# [SOLVED] stronghold 2 problems



## nickske8x

Hi, 
I have a problem with stronhold 2 i played it years ago many times but stopped, 
now i bought a new computer and i want to install it again only the problem is 
it wont install. I'm getting no error messages or anything. i tried to start it by clicking on autorun.exe, disabaled the firewall etc... but nothing happens what am i doing wrong:4-dontkno how do i make this work? 

Grtz, Nick:grin:


----------



## Ninjaboi

*Re: stronghold 2 problems*

Hello nickske8x, welcome to TSF!

Have you tried running setup.exe in the Disk1 folder on the Stronghold 2 disc? If not, try to do so.
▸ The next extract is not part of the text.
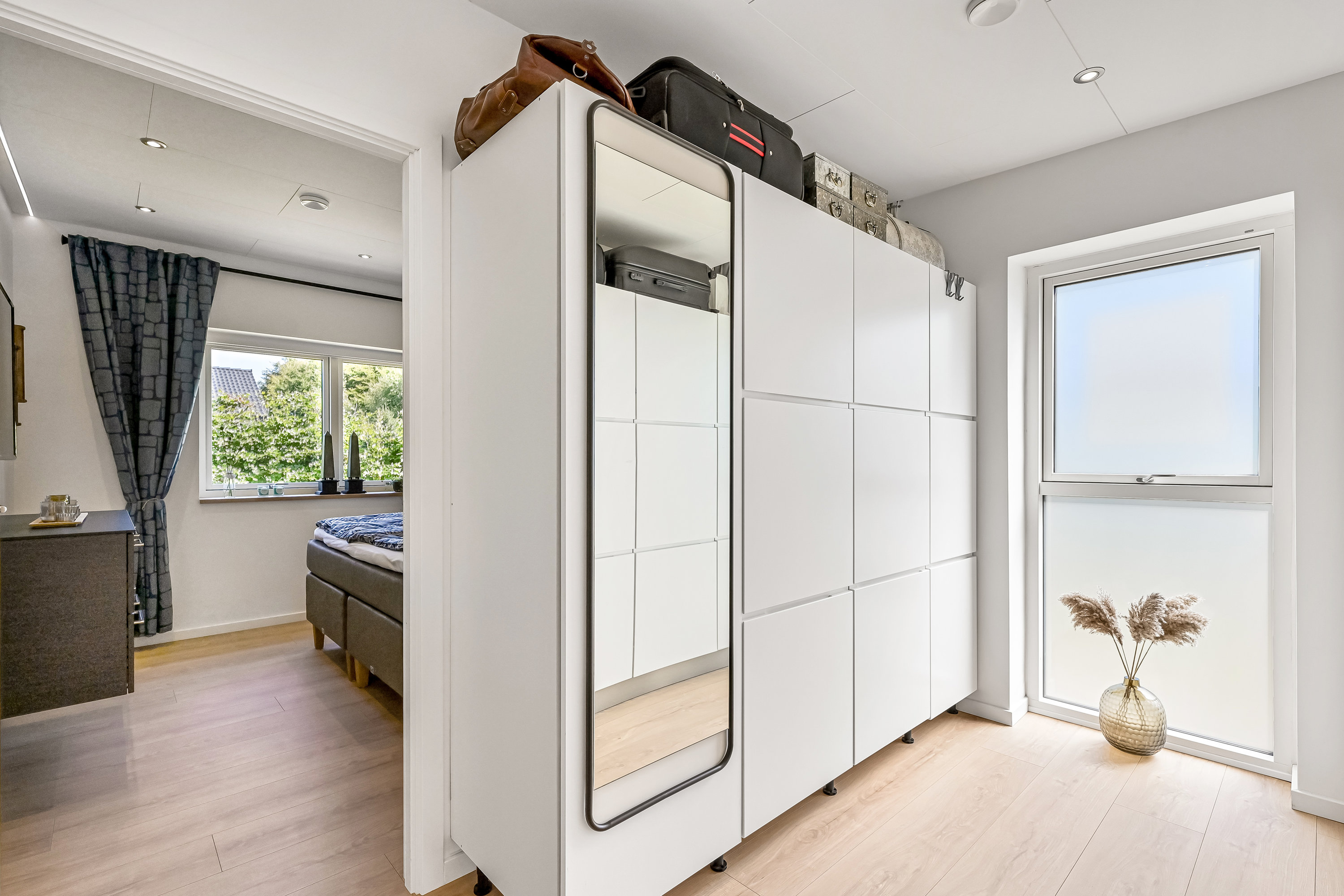 Fremhævet garderobe billede i fuldskærmstilstand. Billede af Tjørring Vænget 4, Tjørring, 7400 Herning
If that doesn't work, try this workaround:



> If you copy CD1 into a Disk1 folder, which you have created on your hard disk. Then CD2 into a Disk2 folder also created on the hard disk and install from Disk1 on the hard disk, without using the CDs.
> This may get around the problem you have encountered. To start the installation from the hard disk go into the Disk1 folder and then click on the other Disk1 folder and run the setup.exe file.


Source(s):

Firefly Studios - Stronghold 2 FAQs

Installation problems Stronghold2 - Stronghold 2 - GameSpot Forums


----------



## nickske8x

*Re: stronghold 2 problems*

yes it worked!

Thank you very much *NINJABOI *


----------



## Ninjaboi

No problem, enjoy the game!


----------